I am not the first to pose these questions. When Shelby Foote’s landmark three-volume narrative of the Civil War first appeared back in the 1960s and 1970s, it was praised by the general public but generally panned by academics for its lack of footnotes, no clear thesis, and narrow focus on military action. That he simply told a story in compelling style and focused on the central events in the national drama—the battles which decided the war—was viewed by some as not sophisticated enough for academic use. I dare say the sentiment would be similar among academic historians if such a masterpiece was released today. But I recently found a reference to at least one eminent scholar who at the time raised a note of caution in dismissing such literature as of less value than the rigorous academic study, and I think it is worth noting.
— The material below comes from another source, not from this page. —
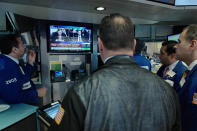 <p>Stock traders at the New York Stock Exchange watch former FBI Director James Comey on a television monitor, June 8, 2017, as he testifies before a congressional committee in Washington. (Mark Lennihan/AP) </p>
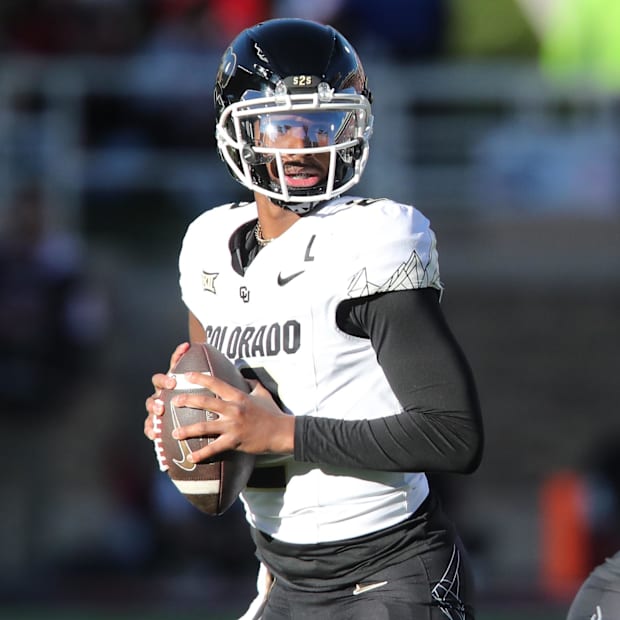 Nov 9, 2024; Lubbock, Texas, USA; Colorado's Shedeur Sanders drops back to pass against Texas Tech.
In a review of the third volume of the trilogy (The Civil War: A Narrative Vol. 3, Red River to Appomattox) penned by the legendary C. Vann Woodward which  appeared in March 6, 1975 issue of the New York Times, the dean of Southern historians at the time had unabashed praise for Foote’s effort. Further, he counseled that academics might do well to take notice of the accomplishment. I think his words resonate just as clearly today as back then, if not more so:

“Professionals do well to apply the term amateur with caution to the historian outside their ranks. The word does have deprecatory and patronizing connotations that occasionally backfire. This is especially true of narrative history, which nonprofessionals have all but taken over. The gradual withering of the narrative impulse in favor of the analytical urge among professional academic historians has resulted in a virtual abdication of the oldest and most honored role of the historian, that of storyteller. Having abdicated—save in the diminishing proportion of biographies in which analysis does not swamp narrative—the professional is in a poor position to patronize amateurs who fulfill the needed function he has abandoned.”

Well said, Dr. Woodward. Historians serve a valuable role in educating society. Perhaps no role is more important than that of storyteller, in my opinion.